Gilliam County is considered a 'childcare desert' for the Infant/Toddler age group, with regulated childcare slots only available for 21% of children between 0-2 years of age. Preschool numbers are slightly better, with regulated childcare slots available for 36% of children.


According to the Center for American Progress, a child care desert is defined as a ZIP code with at least 30 children under the age of 5 and either no child care centers or so few centers that there are more than three times as many children under age 5 as there are spaces in centers. At one of Gilliam County’s three regulated providers, it is not uncommon for families to place their infant on the waitlist and only obtain a slot when that child turns 3 and is eligible for preschool.


Nearly 80% of children under 6 in Gilliam County have both parents – or their single parent – employed and average childcare costs for a toddler in Gilliam County are more than 26% of a minimum wage salary. The US Department of Health and Human Services defines childcare as affordable if it costs no more than 7% of a family’s income.


Enter Community ROCKit. Community ROCKit is a 90-day roadmap for asset mapping and community engagement designed to help identify potential partnerships, resources, community capacity, and action steps that can be applied to pressing issues like the shortage of childcare. Gilliam County is the fifth Oregon location to participate in Community ROCKit, and the first to use the process to address childcare availability and affordability issues.


“A contact of mine from Umatilla County had participated in the Community ROCKit process, which they used to identify mental health solutions, and recommended Gilliam County as a good fit for the program,” said Farrar Campbell.


“I knew childcare was a major issue for our community, and we were also at a time of transition – our school districts recently hired new superintendents and the leadership of many of the childcare centers was also changing hands. The timing felt almost meant to be,” she said.

Gilliam County is one of the smallest Oregon counties by population, with nearly 2,000 individuals residing within its borders. Their mission for Community ROCKit: Generate vibrant solutions to expand and stabilize childcare access in Gilliam County, focusing first on children from birth to five years old.
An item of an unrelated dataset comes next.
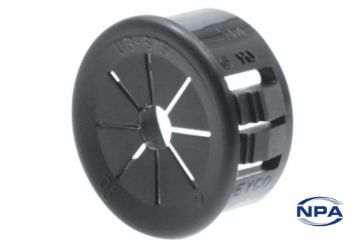 Show details for Bushing Universal Black Picture of Bushing Universal Black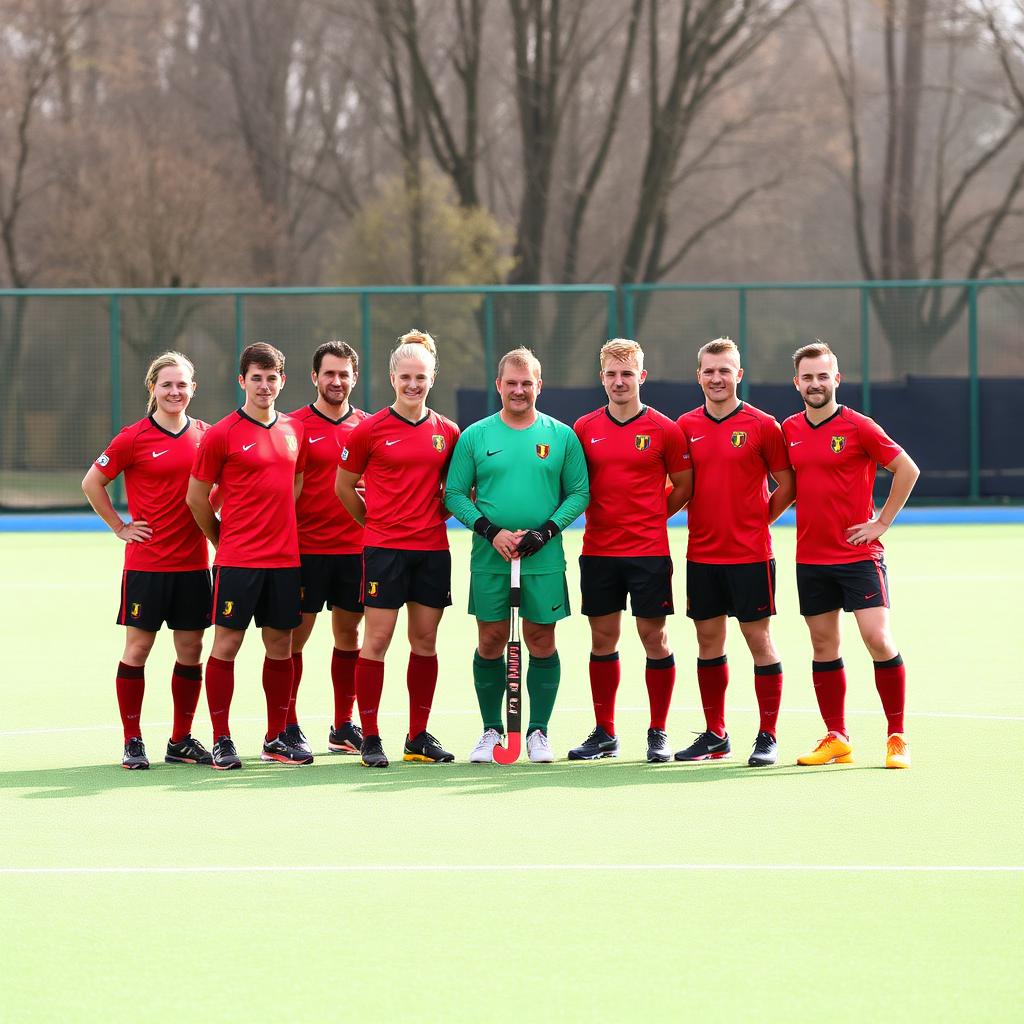 BEL team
“When you are a small community with limited resources, it’s most productive to look at – and our residents are used to coming up with - creative solutions using the assets we have,” said Farrar Campbell.

“If people see that, through this process, a lot can be done with what we already have available, then that will open them up to additional possibilities. It’s early on, but we are already hearing a lot of energy and excitement from participants. I’m hopeful that will carry throughout the process and enable us to expand our focus from children aged 0-5 to school-aged and after school care as well.”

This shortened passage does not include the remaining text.